**Final Project Report** 

### **Phase Based Instruction Prefetcher**

**Submitted by** Ayaz Akram

#### ECE 5950

#### Department of Electrical and Computer Engineering WESTERN MICHIGAN UNIVERSITY

Fall 2015

#### Abstract

This project proposes evaluation of an instruction pre-fetch technique that uses program phases to perform pre-fetching. Analysis of miss address traces of various SPEC CPU2006 benchmarks suggest that number of instruction cache misses and miss addresses correlate with the phase of program execution. Using this information, optimal prefetching decisions can be made.

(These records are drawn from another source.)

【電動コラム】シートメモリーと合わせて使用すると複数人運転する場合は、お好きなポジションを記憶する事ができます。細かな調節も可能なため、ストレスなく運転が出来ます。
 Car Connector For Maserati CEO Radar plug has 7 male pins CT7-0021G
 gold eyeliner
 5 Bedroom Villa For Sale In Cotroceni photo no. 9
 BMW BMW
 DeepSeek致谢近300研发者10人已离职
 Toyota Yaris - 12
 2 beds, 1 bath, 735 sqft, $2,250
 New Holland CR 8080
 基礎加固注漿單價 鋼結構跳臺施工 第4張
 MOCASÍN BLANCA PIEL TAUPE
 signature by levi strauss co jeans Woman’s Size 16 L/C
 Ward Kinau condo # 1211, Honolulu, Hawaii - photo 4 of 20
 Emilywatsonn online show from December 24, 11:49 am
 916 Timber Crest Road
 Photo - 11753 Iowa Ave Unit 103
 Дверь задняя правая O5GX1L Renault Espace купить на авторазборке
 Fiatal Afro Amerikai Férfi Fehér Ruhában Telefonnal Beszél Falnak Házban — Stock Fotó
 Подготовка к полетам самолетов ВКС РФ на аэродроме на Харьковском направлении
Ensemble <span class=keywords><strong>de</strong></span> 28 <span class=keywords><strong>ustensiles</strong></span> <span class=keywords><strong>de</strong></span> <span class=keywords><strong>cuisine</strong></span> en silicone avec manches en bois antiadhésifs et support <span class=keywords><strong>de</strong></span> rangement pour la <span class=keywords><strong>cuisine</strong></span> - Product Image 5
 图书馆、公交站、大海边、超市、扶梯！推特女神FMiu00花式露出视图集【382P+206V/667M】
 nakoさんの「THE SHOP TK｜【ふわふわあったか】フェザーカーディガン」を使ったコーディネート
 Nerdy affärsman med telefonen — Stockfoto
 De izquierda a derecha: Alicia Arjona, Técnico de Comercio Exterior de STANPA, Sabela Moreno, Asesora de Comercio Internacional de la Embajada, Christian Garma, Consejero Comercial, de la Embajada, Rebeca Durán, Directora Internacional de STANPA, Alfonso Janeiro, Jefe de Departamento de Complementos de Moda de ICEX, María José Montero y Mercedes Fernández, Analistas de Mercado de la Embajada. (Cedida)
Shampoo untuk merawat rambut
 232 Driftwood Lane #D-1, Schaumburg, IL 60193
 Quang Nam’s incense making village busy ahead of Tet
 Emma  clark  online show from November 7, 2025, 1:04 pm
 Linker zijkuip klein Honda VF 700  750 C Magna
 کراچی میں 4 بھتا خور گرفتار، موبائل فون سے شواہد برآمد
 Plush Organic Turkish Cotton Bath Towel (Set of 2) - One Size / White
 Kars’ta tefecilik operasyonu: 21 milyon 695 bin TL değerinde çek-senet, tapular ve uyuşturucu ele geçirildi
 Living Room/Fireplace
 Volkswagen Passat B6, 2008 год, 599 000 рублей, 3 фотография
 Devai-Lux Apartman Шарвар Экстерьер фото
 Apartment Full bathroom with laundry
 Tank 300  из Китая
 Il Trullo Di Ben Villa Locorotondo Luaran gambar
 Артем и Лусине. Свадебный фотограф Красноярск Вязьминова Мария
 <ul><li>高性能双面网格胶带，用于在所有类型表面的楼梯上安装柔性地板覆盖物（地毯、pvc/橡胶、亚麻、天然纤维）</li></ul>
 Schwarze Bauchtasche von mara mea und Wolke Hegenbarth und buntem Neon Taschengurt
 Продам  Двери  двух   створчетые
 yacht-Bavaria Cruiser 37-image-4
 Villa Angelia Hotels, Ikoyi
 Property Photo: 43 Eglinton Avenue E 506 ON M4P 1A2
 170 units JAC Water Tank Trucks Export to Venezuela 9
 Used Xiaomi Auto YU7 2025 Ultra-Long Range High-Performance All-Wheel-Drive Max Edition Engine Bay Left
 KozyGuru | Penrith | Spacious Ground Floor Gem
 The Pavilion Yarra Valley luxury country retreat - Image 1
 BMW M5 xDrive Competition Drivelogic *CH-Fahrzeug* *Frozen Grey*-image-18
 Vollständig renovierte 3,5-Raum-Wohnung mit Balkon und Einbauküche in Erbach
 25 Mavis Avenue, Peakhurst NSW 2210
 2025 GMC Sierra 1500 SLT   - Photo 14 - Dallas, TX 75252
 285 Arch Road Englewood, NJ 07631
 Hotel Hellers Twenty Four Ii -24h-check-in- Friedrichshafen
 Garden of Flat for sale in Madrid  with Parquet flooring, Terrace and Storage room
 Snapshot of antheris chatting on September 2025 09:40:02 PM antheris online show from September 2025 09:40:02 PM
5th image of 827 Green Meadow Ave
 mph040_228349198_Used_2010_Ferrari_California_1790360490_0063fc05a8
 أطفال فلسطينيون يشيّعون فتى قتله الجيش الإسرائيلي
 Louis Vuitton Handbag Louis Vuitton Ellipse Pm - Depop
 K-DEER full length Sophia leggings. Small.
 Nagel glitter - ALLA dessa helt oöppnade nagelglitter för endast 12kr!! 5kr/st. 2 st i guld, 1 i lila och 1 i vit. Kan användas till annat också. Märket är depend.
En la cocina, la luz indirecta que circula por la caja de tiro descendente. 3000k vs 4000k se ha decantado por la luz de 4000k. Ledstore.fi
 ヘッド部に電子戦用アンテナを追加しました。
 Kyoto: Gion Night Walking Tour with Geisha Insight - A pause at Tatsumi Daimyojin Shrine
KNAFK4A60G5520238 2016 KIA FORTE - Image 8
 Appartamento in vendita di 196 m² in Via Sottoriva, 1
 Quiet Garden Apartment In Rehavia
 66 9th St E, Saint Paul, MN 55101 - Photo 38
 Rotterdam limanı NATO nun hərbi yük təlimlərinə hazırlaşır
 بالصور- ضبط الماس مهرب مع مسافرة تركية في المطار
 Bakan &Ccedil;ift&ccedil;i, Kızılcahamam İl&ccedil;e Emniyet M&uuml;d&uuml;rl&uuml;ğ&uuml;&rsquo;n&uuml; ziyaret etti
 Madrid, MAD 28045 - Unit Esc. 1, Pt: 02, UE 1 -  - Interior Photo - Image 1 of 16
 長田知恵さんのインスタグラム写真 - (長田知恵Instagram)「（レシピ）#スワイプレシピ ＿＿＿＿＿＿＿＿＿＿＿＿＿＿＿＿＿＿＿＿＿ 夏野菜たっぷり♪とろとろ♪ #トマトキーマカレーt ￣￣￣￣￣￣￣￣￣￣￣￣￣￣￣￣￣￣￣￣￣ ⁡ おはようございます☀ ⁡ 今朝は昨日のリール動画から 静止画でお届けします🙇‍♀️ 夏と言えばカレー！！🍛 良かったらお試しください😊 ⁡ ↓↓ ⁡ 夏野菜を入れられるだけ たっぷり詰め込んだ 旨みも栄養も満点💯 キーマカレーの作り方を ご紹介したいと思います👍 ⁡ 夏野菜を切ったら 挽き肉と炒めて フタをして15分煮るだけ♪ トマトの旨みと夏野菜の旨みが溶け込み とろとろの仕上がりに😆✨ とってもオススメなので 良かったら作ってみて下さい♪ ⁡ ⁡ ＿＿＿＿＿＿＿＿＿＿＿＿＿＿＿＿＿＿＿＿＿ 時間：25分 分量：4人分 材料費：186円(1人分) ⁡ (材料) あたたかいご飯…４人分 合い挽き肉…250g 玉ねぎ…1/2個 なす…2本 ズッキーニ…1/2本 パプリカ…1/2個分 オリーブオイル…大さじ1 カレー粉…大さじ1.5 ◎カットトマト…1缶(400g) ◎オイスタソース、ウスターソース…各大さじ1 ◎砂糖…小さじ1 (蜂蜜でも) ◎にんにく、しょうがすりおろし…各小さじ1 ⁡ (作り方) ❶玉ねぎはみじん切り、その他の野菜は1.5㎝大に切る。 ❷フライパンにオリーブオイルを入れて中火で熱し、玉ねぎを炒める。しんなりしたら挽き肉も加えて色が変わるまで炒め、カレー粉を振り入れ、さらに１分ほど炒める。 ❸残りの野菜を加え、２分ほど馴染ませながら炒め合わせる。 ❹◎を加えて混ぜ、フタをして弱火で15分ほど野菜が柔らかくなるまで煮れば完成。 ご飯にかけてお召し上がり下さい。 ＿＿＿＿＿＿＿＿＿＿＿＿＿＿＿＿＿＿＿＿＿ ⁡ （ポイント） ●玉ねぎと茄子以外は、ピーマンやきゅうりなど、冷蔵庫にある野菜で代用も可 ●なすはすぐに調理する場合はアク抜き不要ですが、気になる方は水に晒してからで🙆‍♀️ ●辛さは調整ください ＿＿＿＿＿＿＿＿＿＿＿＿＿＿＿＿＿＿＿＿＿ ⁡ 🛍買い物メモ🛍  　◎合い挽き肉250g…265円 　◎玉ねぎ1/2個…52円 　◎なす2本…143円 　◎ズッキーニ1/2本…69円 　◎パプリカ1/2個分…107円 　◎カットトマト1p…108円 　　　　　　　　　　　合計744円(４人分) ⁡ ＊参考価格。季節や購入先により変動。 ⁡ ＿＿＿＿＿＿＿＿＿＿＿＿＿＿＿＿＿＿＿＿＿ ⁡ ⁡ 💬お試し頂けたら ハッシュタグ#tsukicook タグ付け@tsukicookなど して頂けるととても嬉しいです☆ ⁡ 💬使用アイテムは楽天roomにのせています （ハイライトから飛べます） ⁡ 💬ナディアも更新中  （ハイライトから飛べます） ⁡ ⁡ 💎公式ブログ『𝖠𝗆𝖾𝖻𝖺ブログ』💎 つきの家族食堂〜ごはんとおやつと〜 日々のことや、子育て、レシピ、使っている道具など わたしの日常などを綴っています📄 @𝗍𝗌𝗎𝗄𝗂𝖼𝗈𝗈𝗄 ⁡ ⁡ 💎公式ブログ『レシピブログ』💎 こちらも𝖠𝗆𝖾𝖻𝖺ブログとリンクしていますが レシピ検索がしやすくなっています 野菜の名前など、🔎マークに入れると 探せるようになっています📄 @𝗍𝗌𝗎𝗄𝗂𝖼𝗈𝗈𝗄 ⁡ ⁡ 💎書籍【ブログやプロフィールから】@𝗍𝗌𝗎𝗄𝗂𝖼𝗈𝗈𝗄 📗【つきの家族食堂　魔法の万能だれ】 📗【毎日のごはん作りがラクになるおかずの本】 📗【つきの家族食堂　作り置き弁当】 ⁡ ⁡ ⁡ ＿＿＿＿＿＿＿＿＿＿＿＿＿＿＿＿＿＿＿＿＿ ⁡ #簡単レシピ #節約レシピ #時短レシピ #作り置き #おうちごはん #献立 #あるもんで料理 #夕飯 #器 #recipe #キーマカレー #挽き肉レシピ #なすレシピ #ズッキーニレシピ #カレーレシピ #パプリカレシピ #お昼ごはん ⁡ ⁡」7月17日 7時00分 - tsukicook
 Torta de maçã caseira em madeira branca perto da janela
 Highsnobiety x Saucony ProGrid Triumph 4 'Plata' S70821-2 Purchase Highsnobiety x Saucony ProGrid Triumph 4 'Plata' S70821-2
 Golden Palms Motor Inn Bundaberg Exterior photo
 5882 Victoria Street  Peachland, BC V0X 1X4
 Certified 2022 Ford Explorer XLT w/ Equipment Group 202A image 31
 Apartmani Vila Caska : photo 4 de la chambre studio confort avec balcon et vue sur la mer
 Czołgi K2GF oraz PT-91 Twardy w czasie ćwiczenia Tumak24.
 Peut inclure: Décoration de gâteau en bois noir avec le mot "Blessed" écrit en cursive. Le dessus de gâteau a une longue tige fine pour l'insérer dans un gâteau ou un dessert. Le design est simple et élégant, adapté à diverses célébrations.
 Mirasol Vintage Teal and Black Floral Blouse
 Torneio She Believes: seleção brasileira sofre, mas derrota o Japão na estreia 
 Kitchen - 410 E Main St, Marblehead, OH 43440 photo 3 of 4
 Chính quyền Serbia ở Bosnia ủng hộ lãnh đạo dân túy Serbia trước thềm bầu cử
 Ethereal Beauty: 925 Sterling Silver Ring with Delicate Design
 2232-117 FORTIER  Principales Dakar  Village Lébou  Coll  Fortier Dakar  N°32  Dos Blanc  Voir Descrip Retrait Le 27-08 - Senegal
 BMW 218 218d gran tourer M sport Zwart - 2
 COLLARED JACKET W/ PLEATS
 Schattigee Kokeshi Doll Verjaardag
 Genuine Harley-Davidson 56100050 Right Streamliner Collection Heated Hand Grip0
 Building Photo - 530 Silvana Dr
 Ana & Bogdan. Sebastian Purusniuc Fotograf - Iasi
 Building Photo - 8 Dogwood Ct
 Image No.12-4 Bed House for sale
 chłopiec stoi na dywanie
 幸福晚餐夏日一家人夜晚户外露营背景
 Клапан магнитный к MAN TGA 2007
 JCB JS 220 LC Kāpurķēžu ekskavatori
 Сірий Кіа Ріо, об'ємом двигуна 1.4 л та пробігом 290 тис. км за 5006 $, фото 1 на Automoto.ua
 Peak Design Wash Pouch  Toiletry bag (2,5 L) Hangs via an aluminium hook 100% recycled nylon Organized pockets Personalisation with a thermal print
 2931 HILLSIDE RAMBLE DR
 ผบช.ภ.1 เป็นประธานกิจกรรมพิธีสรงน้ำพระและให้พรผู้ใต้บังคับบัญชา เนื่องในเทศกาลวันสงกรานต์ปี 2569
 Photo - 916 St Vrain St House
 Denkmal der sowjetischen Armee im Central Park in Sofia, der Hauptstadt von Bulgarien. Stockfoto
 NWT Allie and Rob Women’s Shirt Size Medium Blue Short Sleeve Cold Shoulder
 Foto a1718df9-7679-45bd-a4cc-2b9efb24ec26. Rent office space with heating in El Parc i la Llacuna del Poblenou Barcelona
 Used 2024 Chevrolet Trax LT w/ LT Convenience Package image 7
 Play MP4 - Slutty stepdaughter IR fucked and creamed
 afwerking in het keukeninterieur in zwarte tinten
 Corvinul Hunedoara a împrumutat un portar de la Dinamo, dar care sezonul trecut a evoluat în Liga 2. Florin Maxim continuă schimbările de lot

Due to low instruction cache misses in SPEC CPU2006 benchmarks, only few of them have been studied. A program phase based instruction prefetcher is also implemented in gem5 simulator. This implementation effort involved studying and understanding code of prefetching mechanism and memory heirarchy in gem5. Evaluation of this newly implemented prefetcher is performed by comparing it with an existing Tagged prefetching mechanism in gem5. Comparison for only three benchmarks could be performed. Phase based prefetcher works well for only one out of these three, while tagged prefetching gives lower number of cache misses for other two benchmarks. But, the number of prefetches generated by phase based prefetcher are always less than tagged prefetcher. However, different designs can be tested for this phase based prefetcher, which has the potential to give much better results.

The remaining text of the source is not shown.